Accelerating development via the Oracle Data Integrator SDK

A nice post and example of ODI 11g SDK use by David Allan can be seen on this blog.

David writes:

 

Often using ANY tool there are scenarios where there is a lot of grunt work, imagine Microsoft tools like Excel without VB and macros to accelerate and customize those boring repetitive tasks. Data integration and ETL design is exactly the same, the tool needs to expose an SDK to a base platform that you can use to make your life easier. Something to automate the grunt work that is common and very repetitive. The ODI 11g SDK let's you script these kind of repetitive tasks. As an aside the ODI common format designer (see this post here) has a way for migrating like named objects, however using the SDK let's you control much much more.

To illustrate I have created a simple interface construction accelerator that you can download (interfaceAccelerator.java), the accelerator generates ODI interfaces from a control file that defines the interface name, the source and the target - simple and a nice example for demo purposes. If you look at the java code, it is very basic (no pun intended).  It literally is a dozen lines of code. The image below illustrates the java program interfaceAccelerator using the ODI 11g SDK to take as inputs the configuration of the connection details and a control file specify the source to target datastore mappings.

image

The code when called has a bunch of command line parameters shown below and the standard input stream is the interface control file, so the command line looks like;

java -classpath <cp> interfaceAccelerator <url> <driver> <schema> <pwd> <workrep> <odiuser> <odiuserpwd> <project> <folder> < <control_file>

the control file provided in the standard input stream needs to be a comma delimited file with the following structure

    • interface_name,source_model,source_table,target_model,target_table
    • ...

for example a sample command line using an Oracle repository could be

java -classpath <cp> interfaceAccelerator jdbc:oracle:thin:@localhost:1521:ora112 oracle.jdbc.OracleDriver ODI_MASTER mypwd WORKREP1 SUPERVISOR myodipwd STARTERS SDK < icontrol.csv

 

the interfaces will be created in the folder SDK and the project code is STARTERS. The icontrol.csv file used above was (remember the format is interface_name,source_model,source_table,target_model,target_table, this is just what I happened to use in this simple demo program);

    • INTFC1,SCOTT,EMP,STG_MODEL,STG_EMP
    • INTFC2,SCOTT,DEPT,STG_MODEL,STG_DEPT
    • INTFC3,SCOTT,BONUS,STG_MODEL,STG_BONUS

You can created as many interfaces from this driver control file as you desire, the interface generated will map from the source table to the target table and use ODI's auto mapping to perform column level mapping of the source to target table, it will also create default source sets and use the default KM assignment. So you get a pretty useful set of stuff as a basis here.

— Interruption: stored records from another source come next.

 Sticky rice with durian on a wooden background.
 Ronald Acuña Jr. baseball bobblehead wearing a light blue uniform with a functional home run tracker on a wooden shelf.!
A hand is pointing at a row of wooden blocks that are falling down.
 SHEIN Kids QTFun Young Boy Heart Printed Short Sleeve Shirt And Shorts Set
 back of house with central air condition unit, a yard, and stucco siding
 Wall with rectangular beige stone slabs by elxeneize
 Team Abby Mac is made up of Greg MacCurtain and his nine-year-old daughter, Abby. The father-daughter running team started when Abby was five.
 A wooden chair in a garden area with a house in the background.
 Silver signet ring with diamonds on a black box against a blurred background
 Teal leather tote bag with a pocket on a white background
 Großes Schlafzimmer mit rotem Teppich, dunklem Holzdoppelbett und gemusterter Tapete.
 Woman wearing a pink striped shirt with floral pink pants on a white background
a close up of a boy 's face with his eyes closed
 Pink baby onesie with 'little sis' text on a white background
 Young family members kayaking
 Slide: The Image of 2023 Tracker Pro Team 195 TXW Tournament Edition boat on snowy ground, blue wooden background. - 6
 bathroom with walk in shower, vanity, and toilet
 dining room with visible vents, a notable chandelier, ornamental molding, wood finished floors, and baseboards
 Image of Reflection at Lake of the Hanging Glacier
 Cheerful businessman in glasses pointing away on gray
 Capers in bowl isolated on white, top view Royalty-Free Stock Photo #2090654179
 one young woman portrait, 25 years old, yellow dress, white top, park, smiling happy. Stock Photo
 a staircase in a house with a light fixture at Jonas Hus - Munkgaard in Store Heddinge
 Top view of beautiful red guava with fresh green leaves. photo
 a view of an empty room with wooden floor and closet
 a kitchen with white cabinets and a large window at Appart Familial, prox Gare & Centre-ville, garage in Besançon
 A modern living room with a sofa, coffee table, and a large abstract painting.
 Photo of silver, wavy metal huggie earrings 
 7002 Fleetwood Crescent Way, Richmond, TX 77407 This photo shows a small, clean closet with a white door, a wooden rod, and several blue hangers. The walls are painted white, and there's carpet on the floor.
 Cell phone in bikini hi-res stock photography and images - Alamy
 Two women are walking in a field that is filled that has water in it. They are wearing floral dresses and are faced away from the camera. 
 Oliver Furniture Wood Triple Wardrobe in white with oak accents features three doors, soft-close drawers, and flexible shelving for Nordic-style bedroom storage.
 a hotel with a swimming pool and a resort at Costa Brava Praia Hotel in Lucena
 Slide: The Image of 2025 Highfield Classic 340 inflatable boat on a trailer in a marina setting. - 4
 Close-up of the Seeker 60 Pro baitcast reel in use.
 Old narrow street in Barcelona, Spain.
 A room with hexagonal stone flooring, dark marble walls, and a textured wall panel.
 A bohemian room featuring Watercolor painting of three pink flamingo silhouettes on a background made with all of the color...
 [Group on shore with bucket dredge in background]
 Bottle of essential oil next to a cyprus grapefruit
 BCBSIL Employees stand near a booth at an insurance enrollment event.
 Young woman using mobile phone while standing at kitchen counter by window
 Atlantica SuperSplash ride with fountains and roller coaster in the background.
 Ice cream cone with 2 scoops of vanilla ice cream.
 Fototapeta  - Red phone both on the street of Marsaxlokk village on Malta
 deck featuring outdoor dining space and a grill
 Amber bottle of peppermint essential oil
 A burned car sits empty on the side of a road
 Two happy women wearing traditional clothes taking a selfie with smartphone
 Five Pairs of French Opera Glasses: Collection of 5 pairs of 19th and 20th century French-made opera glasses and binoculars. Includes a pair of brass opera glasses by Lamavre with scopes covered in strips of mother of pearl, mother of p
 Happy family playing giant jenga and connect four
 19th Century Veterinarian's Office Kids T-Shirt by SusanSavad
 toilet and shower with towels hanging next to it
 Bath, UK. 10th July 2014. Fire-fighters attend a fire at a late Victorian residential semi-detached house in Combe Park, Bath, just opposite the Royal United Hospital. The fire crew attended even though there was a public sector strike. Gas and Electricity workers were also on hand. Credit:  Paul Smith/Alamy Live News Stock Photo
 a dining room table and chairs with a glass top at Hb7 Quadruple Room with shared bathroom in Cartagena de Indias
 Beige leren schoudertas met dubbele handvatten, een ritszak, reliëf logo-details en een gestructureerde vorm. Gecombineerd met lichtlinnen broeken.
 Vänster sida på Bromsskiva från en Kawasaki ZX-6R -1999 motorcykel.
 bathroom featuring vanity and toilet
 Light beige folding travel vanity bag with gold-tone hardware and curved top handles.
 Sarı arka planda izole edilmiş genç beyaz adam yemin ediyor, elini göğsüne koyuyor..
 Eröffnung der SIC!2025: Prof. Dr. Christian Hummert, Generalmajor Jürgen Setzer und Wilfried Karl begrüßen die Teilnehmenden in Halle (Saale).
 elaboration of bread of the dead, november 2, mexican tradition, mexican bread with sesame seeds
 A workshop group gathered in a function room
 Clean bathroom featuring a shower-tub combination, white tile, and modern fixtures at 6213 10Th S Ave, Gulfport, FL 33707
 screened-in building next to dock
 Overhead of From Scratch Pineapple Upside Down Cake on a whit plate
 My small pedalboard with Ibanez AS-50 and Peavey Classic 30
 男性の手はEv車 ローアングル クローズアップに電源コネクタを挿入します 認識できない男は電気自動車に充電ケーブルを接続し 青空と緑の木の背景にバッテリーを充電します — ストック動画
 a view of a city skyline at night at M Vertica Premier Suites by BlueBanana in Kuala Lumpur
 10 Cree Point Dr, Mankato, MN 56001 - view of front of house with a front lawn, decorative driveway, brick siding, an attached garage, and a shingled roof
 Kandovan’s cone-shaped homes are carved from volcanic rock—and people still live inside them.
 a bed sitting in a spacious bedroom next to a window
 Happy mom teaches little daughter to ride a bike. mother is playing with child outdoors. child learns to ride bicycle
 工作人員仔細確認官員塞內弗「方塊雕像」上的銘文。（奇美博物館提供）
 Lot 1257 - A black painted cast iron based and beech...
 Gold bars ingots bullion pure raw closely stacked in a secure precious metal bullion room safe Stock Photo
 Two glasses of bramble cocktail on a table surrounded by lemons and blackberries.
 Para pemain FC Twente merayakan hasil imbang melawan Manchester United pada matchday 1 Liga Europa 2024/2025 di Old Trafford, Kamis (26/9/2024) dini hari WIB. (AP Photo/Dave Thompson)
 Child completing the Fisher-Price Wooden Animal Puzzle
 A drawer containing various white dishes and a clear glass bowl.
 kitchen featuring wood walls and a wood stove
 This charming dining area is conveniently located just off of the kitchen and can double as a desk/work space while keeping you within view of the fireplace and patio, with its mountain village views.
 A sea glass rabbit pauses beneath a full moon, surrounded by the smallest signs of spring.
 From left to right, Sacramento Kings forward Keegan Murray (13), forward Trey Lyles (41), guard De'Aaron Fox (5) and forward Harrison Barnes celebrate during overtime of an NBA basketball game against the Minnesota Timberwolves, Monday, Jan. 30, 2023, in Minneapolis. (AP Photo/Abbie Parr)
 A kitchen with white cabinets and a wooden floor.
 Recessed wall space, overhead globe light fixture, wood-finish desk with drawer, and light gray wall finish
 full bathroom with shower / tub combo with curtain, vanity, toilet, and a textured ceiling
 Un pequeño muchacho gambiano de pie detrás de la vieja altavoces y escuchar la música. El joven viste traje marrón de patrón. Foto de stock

The interfaces generated whilst executing this accelerator look like the following, the table to table map with all of the like-named columns mapped, the physical flow configured with defaults KMs!

image

You can take this code and customize to make it fit your needs or send in comments on how to do things. In summary if you are finding you desire ways of tuning your work to make using ODI even more productive, then you should look into the ODI 11g SDK and see if you can automate, automate, automate.